Parts provider and aftermarket specialist Heico on Aug. 30 announced its Flight Support Group has acquired Optical Display Engineering (ODE), an FAA-authorized Part 145 repair station and a parts manufacturing authority (PMA) focusing on the repair of liquid crystal display screens and modules for civilian and military aircraft.
Financial details of the all-cash deal were not provided, but Heico said the acquisition should be accretive, or beneficial, to its corporate earnings “in the year following the purchase.”
The latest acquisition follows the Heico model, the company said in the new announcement. “Two years ago, we began the successful integration of select inertial reference capabilities into IAS [Inertial Aerospace Services] as a licensee of Northrop Grumman, and we are very excited to broaden Heico’s avionics and aviation electronics expertise,” said Heico Chairman and CEO Larry Mendelson and his son Eric Mendelson, a Heico co-president and the head of the Flight Support Group. “ODE continues our strategy of expanding our repair and PMA capabilities serving airlines, OEMs and independent repair stations with innovative solutions. Our disciplined growth strategy remains the same and we will continue to look for value-added, accretive acquisitions.”
ODE is in Irvine, California, and will become part of Flight Support’s Inertial Aerospace Services FAA/EASA repair station and Flight Specialties PMA units that are based in Highland Heights, Ohio. Inertial Aerospace Services focuses on inertial guidance repairs. Flight Specialties develops PMAs for a variety of aircraft applications including displays, keypads and mechanical components. Riding an earnings boost due in part from the new U.S. tax law, aerospace parts specialist and serial acquirer Heico on Aug. 28 promised plans to increase market share and buy other companies.
“We will also continue our commitments to developing new products and services, further market penetration and aggressive acquisition strategy while maintaining our financial strength and flexibility,” Larry Mendelson told analysts in a teleconference on the company’s latest quarterly results.
The deal comes just days after Heico leaders alluded to making more acquisitions, during a quarterly financial update to investors and analysts.
For the third quarter of fiscal 2018, the Hollywood, Florida-based company reported net income increased 47% to a record $67.1 million or $0.49 per diluted share, up from $45.7 million or $0.34 per share a year earlier. Operating income increased 33% to a record $101.4 million, up from $76.1 million in the third quarter of fiscal 2017.
Analysts lauded the results and the company’s prospects. “The third-quarter 2018 results were better than our expectations,” said Canaccord Genuity aviation analyst Ken Herbert. “We specifically expect estimates for the Flight Support Group segment to increase, as we believe the comps are relatively easy for several quarters, and the recent commercial and military aftermarket strength is not showing any signs of slowing,” Herbert continued. “Specifically, the use of older aircraft, coupled with the OEM focus on new production, is creating significant opportunity for [Heico] that is finally getting more fully reflected in the results.”

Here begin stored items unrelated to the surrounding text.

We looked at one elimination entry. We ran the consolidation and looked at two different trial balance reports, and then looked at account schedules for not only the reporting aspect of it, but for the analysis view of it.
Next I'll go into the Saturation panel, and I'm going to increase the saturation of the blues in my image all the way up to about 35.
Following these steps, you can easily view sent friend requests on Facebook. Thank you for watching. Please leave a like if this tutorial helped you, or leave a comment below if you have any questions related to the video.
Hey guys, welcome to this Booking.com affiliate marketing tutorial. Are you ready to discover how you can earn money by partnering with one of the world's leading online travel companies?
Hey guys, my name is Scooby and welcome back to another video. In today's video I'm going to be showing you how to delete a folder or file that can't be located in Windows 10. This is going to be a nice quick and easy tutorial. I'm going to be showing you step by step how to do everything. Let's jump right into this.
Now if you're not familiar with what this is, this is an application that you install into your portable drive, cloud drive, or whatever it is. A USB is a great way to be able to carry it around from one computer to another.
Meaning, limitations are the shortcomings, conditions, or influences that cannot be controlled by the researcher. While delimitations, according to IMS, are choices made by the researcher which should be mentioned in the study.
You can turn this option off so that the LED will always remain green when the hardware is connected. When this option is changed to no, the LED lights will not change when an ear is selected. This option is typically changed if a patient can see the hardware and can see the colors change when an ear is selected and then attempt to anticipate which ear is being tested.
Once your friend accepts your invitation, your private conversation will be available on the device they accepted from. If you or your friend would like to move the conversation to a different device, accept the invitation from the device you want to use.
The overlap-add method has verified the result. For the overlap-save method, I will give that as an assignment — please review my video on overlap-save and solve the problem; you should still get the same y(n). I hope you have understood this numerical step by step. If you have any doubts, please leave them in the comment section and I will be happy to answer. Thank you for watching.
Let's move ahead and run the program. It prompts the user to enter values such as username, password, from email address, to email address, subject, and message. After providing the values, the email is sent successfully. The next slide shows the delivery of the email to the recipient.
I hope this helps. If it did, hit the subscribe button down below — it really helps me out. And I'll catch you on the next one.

Heico is such an active acquirer that it lists its criteria online. “For new platform acquisitions, we prefer businesses with $50 million to $250 million in sales,” Heico explains. “For add-on acquisitions that fit one of our existing portfolio companies, we prefer businesses with at least $5 million in sales.” It further prefers companies with headquarters based in North America or Europe, but worldwide is welcome for add-ons. The ODE deal may be just the next step in the company’s acquisition drive.
“Heico appears well positioned to capitalize on expansion of its markets given product introductions and a proven M&A strategy,” said Jefferies aerospace analyst Sheila Kahyaoglu.
Heico’s revenue has increased at a compound annual growth rate of 26% since 1990, with around 50% of it driven by acquisitions, she noted.